Just for the sake of nostalgia or for the people who joined after the look of the forum changed.

Part of me misses that 4x4 in the banner and how many times I've tried to solve it in my head.


Wayback machine.


----------



## Kirjava (Mar 17, 2012)

rubiks.has.it REPRESENT


----------



## That70sShowDude (Mar 17, 2012)

Doesn't even feel like that long ago.


----------



## JonnyWhoopes (Mar 17, 2012)

Somebody want to upload this to tinypic? I can't see things on imgur.


----------



## emolover (Mar 17, 2012)

Interestingly it looks primitive.

This makes me feel bad for how many posts I have made since August 2010.


----------



## Jaycee (Mar 17, 2012)

emolover said:


> This makes me feel bad for how many posts I have made since August 2010.


 
< comparing it to my post count in less than half the time


----------



## tx789 (Mar 17, 2012)

I think the look changed with like 3 days of me joining I've posted like 4 or something posted or 1 then it changed but I joind sept 2010


----------



## JianhanC (Mar 17, 2012)

Chris you're back!
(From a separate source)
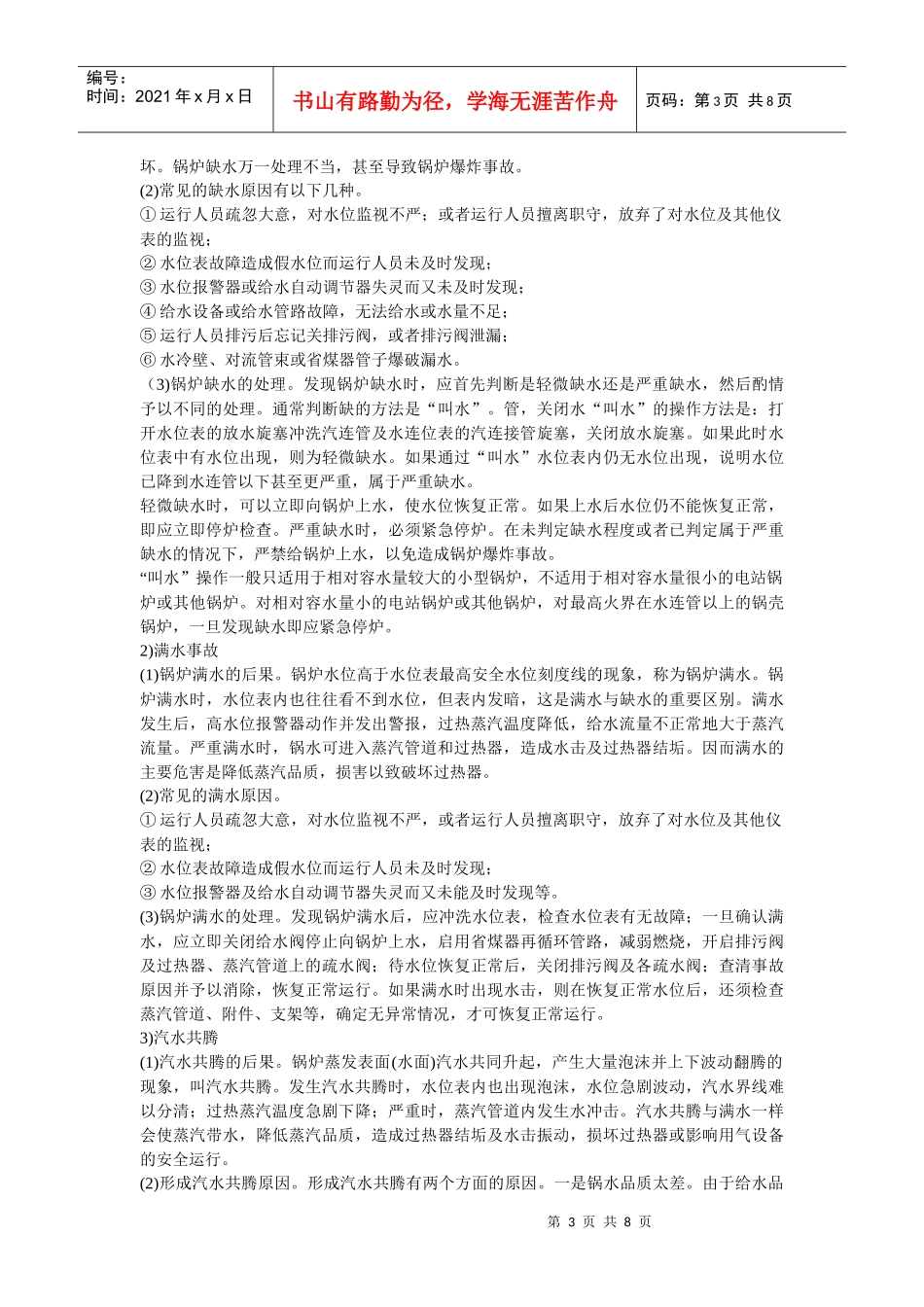 安全管理——技术讲义作业-技术30-特种设备检修安全技术(doc 7)_第3页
Hope you're here to stay :3


----------



## ThomasJE (Mar 17, 2012)

I much prefer the new design.


----------



## Gaétan Guimond (Mar 17, 2012)

Who has the record for most number of post ?


----------



## JianhanC (Mar 17, 2012)

I believe it was Arnaud back in the days.


----------



## ThomasJE (Mar 17, 2012)

Now, I think it's Mike Hughey.


----------



## 4Chan (Apr 9, 2016)

Bump bump for the history lesson.


----------



## Matt11111 (Apr 9, 2016)

4Chan said:


> Bump bump for the history lesson.



Bump bump for the new update.


----------



## CubeDatCube (Apr 9, 2016)

Nostalgia much.


----------



## IAmEpic2004 (Apr 10, 2016)

Thanks for the history lesson.


----------



## gyroninja (Apr 10, 2016)

Minus the banner, the forums look a lot better than what we have now. They look really clean and straight to the point.


----------



## IQubic (Apr 10, 2016)

This is how the forum used to look when I visited it a long time ago.. Never knew how to make an account. Then the change occured and I saw how to do it. 

Sent from my LG-H345 using Tapatalk


----------